I am completely against private prisons. Providing there are legitimate reasons for someone to be in prison, how is it wrong to make them at least cover their own costs?
> how is it wrong to make them at least cover their own costs?
Very wrong. Prison provides a service to society. We pay for that service out of our own pockets for our own benefit.
This should be true whether you think prison should be about punishment or reform. This should be true regardless of who runs the prison.
If society is unwilling to pay the costs to segregate the population into guilty and not-guilty fractions, they should shut down the prisons and see how expensive that gets.
Trying to offset the costs of that service through literal slavery is insane, immoral, and not in anyone's interest. No crime validates being turned into a slave.

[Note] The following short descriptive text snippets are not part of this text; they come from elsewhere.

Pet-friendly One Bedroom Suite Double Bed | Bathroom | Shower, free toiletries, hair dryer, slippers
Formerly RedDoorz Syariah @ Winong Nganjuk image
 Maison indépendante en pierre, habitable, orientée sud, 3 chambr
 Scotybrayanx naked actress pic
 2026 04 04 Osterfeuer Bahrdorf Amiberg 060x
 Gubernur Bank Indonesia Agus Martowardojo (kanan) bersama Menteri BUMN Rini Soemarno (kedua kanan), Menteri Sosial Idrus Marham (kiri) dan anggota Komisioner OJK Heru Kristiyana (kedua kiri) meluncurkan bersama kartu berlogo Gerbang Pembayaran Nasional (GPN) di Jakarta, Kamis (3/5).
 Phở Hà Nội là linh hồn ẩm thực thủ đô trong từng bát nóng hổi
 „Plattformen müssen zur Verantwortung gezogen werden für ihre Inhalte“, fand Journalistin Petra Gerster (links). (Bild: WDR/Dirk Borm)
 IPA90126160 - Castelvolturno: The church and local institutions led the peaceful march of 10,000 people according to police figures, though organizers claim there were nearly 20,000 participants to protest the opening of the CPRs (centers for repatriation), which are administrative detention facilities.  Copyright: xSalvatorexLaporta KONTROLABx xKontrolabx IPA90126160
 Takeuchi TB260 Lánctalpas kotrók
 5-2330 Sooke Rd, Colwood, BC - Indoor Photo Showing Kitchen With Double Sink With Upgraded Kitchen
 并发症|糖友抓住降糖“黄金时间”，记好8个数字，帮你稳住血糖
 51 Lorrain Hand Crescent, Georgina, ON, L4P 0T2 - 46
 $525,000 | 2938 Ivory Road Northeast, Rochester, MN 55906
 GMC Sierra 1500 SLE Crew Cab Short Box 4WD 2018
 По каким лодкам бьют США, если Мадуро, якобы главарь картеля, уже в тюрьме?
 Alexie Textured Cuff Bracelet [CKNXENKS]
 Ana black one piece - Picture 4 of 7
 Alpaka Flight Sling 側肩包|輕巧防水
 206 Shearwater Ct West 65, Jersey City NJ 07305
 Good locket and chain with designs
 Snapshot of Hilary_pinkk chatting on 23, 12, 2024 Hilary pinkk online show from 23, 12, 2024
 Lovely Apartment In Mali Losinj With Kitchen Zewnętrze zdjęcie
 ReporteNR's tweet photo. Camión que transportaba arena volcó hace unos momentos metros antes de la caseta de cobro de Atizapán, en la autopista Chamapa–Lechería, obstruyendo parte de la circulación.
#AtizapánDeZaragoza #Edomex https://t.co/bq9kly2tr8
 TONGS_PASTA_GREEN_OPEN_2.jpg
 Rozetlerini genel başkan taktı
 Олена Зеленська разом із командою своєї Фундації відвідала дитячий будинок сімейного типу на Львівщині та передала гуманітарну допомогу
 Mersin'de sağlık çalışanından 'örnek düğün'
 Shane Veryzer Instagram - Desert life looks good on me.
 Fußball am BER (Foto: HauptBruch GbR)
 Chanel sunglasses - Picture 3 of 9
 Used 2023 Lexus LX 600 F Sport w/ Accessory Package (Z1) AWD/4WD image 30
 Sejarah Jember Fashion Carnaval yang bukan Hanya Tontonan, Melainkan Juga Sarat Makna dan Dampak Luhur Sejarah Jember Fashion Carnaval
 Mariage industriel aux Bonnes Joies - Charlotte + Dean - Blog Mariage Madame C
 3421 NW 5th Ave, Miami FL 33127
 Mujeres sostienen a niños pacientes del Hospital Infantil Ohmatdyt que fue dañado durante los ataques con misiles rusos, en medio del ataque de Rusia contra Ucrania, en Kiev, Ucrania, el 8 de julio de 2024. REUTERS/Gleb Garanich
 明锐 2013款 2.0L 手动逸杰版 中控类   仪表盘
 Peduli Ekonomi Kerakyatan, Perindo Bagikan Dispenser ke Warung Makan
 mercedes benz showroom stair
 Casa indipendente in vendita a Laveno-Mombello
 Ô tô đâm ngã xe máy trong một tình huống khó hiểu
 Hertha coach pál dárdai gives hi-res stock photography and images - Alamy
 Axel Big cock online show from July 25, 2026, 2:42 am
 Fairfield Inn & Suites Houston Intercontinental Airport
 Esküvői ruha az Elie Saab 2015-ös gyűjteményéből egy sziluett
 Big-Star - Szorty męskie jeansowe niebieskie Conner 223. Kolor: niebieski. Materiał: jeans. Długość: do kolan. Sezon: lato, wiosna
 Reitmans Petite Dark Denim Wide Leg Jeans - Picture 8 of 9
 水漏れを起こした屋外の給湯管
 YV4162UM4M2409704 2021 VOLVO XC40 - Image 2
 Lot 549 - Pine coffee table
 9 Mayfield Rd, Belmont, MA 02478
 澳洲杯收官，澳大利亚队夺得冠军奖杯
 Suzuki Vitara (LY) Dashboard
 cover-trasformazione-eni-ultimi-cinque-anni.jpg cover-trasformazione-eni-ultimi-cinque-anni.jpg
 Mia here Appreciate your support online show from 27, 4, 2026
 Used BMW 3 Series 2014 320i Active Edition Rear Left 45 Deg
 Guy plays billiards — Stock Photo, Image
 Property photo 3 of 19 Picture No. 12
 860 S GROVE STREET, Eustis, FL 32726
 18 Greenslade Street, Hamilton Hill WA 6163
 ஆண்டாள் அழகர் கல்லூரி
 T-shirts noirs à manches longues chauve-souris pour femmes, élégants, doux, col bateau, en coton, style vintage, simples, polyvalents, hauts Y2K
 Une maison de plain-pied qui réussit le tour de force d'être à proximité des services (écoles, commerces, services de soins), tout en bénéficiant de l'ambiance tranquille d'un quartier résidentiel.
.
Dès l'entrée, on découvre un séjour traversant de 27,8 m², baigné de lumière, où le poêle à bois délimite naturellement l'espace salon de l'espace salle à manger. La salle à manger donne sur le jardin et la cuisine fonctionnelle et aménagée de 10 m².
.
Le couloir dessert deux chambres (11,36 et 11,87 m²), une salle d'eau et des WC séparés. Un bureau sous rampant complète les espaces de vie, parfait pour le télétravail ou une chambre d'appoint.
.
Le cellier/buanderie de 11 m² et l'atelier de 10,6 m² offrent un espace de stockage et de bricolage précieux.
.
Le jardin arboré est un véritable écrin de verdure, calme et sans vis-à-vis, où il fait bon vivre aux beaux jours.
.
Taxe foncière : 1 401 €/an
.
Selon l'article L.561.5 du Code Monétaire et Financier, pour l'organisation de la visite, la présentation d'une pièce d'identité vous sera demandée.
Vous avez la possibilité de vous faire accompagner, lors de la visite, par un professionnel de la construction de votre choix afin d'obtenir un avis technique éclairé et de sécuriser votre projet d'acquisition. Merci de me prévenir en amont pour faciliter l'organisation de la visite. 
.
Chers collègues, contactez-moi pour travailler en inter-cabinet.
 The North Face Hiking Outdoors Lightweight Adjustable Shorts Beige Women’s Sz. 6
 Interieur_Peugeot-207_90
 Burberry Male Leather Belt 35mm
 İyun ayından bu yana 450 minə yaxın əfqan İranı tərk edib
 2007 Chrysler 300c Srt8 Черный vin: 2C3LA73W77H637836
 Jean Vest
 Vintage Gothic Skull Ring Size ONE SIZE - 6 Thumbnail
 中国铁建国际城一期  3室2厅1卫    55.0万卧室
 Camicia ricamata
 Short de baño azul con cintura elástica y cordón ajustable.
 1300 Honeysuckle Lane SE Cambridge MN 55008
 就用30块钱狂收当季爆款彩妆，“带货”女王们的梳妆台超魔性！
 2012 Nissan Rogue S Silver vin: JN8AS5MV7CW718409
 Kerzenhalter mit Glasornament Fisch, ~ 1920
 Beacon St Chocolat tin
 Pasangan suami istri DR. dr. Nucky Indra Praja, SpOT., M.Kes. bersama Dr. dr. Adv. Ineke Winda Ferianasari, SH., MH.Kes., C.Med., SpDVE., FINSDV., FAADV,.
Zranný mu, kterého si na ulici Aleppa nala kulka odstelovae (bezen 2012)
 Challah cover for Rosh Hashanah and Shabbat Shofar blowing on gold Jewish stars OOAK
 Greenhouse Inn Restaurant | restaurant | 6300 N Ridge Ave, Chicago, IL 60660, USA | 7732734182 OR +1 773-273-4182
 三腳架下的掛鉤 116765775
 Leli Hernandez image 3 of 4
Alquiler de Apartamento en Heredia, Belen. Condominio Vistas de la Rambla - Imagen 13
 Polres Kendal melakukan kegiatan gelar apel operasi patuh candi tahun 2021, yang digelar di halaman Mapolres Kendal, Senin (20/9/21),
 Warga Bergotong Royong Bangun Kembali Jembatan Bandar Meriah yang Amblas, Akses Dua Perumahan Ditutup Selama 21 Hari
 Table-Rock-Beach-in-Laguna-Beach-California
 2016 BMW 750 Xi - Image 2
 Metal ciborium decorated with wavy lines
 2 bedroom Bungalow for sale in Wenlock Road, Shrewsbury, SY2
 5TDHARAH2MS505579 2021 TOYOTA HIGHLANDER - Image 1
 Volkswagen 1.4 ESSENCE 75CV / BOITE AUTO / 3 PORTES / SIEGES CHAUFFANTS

Someone being in prison has already been stripped of their freedom, and going further to lease them out as underpriced labor not only fucks with the labor market, but it should not be considered "just" punishment when PRISON is supposed to be the punishment.
Making prisoners pay $2 for fifty cent ramen is just as unethical. If you are unwilling to pay the price for a society without criminals, imprison less people, make fewer criminals, or deal with the consequences. Functioning society has costs. Trying to escape those in such cruel ways is childish, selfish, and stupid.
It seems borderline, given that the person has a choice of when and where to perform it. But I don’t want to be near any borderlines here, so, yes. Morality aside, it seems very ineffective both in terms of punishment/rehabilitation and for getting value out of the person.
Well we're talking about morality, so is it morally wrong? I'm fairly sure you'd say conscription is morally wrong, but is jury duty morally wrong? I'm not sure a government can continue to exist without forcing people to work in one form or another.
Jury duty is an interesting question. I’m not a huge fan of the jury system, although it may be the best of bad alternatives. Maybe there’s no good way around this one.
I get that you’re trying to trip me up (and succeeding a bit), but penal labor isn’t difficult or borderline or anything like that. It’s a straightforward “we can make money by forcing that person to work, and it’s not illegal.” There’s no justification beyond, they’re a criminal so they deserve it. Obviously, criminal punishment has to involve violation of certain rights, but I don’t see any reason for it to involve violating this right besides liking money and wanting more of it.
“Covering costs” is just a different way to say “we like money and we can get some by enslaving that person.” It’s not a moral justification for anything.